### [EXERCISE GOAL]
Within the records that follow, count the lines containing the string "Honda". Reply only with the count.

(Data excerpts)
Start of Block

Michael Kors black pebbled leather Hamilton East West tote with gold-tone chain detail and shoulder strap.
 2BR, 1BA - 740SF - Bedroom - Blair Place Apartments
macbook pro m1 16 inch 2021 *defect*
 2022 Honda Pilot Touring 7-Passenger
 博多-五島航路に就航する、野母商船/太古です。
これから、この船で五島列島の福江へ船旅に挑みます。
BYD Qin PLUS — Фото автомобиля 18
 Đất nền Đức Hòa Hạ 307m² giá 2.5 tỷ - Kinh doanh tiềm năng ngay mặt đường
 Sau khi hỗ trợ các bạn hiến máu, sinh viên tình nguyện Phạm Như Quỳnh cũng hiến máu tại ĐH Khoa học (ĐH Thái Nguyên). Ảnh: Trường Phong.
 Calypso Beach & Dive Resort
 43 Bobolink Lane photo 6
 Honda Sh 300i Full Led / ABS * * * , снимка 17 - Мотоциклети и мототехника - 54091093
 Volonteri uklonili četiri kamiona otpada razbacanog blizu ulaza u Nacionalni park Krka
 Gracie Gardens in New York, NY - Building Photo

End of Block

### [REPLY]
2